Remembering a BASIC coding classic from 1982

Forgotten Tech I first explored The Valley late in 1982. My method of entry: a Research Machines 380Z. I loved it and didn't want to leave.

But the school lunch period ended at 1.30 and the computer room was locked then, so I had to wait a day or two until I could get time on the RM again.

The Valley - CT Cover

The Valley had been hacked onto the 380Z by a guy called Roy Walker. In a rare moment of schoolboy honesty, he admitted he'd keyed it in from a listing in a magazine. The publication was Computing Today, which had run an article - bylined only 'HB' and 'RM' - in April that year centred on a modular sword-and-sorcery "real-time adventure with graphics" designed to not only be entertaining to play but also to be used as a programming teaching aid.

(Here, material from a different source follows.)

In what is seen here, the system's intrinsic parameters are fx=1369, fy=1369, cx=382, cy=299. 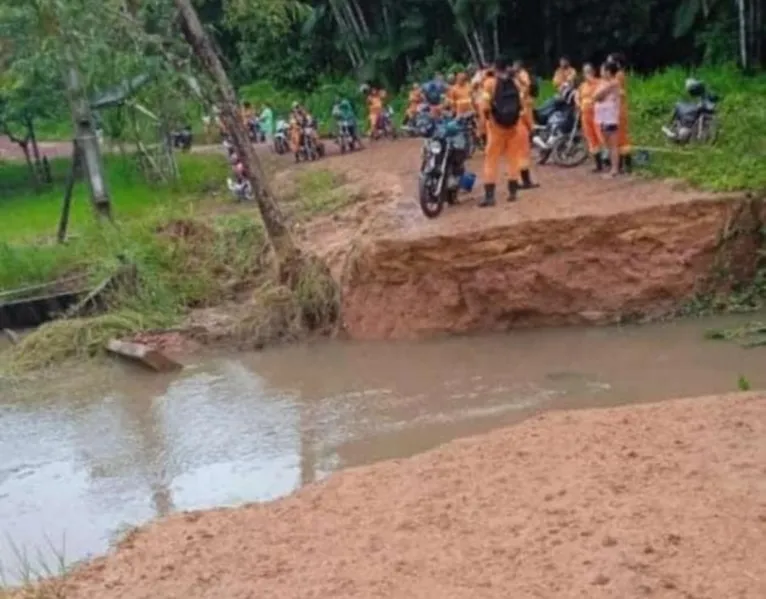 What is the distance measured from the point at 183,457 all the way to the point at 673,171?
663 centimetres

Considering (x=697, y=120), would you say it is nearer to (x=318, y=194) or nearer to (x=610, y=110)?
(x=610, y=110)

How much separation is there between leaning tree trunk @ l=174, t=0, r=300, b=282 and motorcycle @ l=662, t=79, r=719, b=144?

"The published listing was developed and tested on a 32K Commodore Pet but will, if all non-essential spaces and REMs are removed, run in 16K," the authors promised.

"The best way to implement the program on your system is to key it in one module at a time following the notes," we were advised. "As each block is completed, SAVE it on tape before adding the next; 16K is a lot of program to lose if you make a mistake!"

Hard drive users - they don't know they're born...

CT published follow-up articles during the following months, mostly centred on adapting the code for other machines. The May 1982 issue, for example, featured writer Peter Green detailing a TRS-80 version. In the August 1982 number, Andrew Bain offered notes on coding The Valley for the Sharp MZ-80K. A year after the initial listing, readers' additions - extra spells and conversion hints - were being published en masse.

The Valley - Hob Goblin

The original Valley was written for the Commodore Pet, but Roy had tweaked it into RM's dialect of Basic. I asked if I could borrow the listing to recode it for Microsoft Colour Basic - what my Dragon 32 used - but Roy told me to piss off.

A friend, Iain, was more lucky. He too had a Dragon and, after he'd borrowed the listing from Roy for an evening or two, I had a photocopy of the Pet code. Iain was no coder, but he knew I was and wanted to play the game on his own machine, so it made sense for him to get me the listing.

I can't recall how long the conversion took. Not long, I think. The hard bit was working out what the addresses that codes were Poke'd into the Pet's memory map represented. I made some guesses and seemed to get it right.